Asked directly if he worried that the Pistons may have already dug to the bottom of the well, Wallace hesitated and then said, “No. I still feel strong about it. I still think we have a great ballclub. Any time we get down, I think we can win any series until we lose that fourth game. I have never doubted us, never.”

And few people believe them.

They can’t be believed because Antonio McDyess (suffered a broken nose in the third quarter), Jason Maxiell, and Rasheed Wallace allowed Samuel Dalembert, who averages 10.5 points a game, to score 22 and pull down 16 boards. They can’t be believed because Chauncey Billups, one of the NBA’s better defending point guards has allowed Andre Miller to control two out of three games this series. In Game 3 Miller, scored 21 points on 9-14 shooting, and seemed to get those points with ease. They can’t be believed because the Pistons were out-rebounded 43-34. And if that wasn’t enough to ensure a loss, Detroit cemented a 2-1 series deficit by turning the ball over a whopping 23 times, eight more than the 76ers.

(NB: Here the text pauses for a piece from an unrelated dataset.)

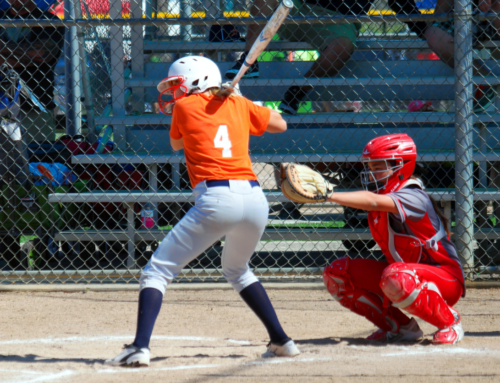 What’s The Division 3 Difference In College Softball?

Despite joking and choking away Game 1 and getting run out of the arena in Game 3, Detroit’s players seem oblivious to the fact that they are in the precarious position of having to win three out of the next four games. Plus they must accomplish this feat against a young, hungry, athletic team that now knows it can win if the game is close and, from the Game 3 performance, feels the Pistons will quit if they get more than a few buckets ahead:

“Our mind-set is still good,” Wallace said. “The Sixers played a heck of a game and you can’t take nothing away from them. We just have to come out here and correct some of the things we did wrong (Friday) and come back and get it on Sunday.”

“This doesn’t feel any different to me than any other series that we’ve been down in,” Billups said. “Nobody is happy being down 2-1, but nobody feels like it’s over. When you are down like this, it puts you in a mind-set of, ‘OK, we’re definitely taking it one game at a time. “ The next game is the most important game. That’s the focus.’

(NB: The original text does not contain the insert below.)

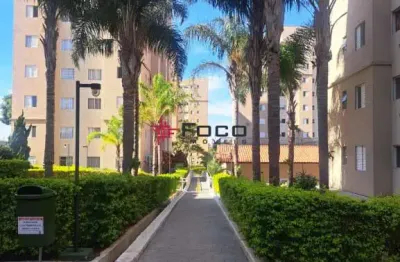 Apartamento/condomínio max clube /47m²/02 dormitórios/ são josé dos campos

According to Billups it sounds like some of the Pistons were looking ahead. Perhaps that’s why, in a 12-minute stretch (10:02 in the 3rd to the 10:29 mark in the 4th) in the second half of the 95-75 beat down administered by the Sixers, Detroit missed 17 shots in a row.

But directly after the game Detroit reserve guard Lindsey Hunter sounded like he thought the game down to a hustle play here or there instead of a team meltdown:

“They got after it,” Pistons point guard Lindsey Hunter said. “I’m not going to sit here and say we didn’t execute — they got after it. They got after us and they made things happen. We didn’t. We laid back and tried to rely on us being a better team. That’s not going to get it done.”

Aha! Now it makes sense.

So, the Pistons did execute - by shooting just over 40% from the field, missing eight of 26 free throws, giving the ball away 23 times, getting out-rebounded by nine boards, letting a guy who can’t find the basket rim on any shot beyond five feet from the rim, and despite obviously working head coach’s Flip Saunders’ game plan to a tee, managed to score only 75 points while getting blown out by 20.

Now this might be an okay tactic if Hunter and the rest of the Pistons players are trying to get Saunders fired. And if they lose to Philadelphia, Saunders is as good as gone. This will mark consecutive seasons that his team rolled over in the playoffs against a lesser opponent. Consecutive seasons that his players said all the right stuff and played indifferent basketball when they should be pushing toward the possibility of a championship.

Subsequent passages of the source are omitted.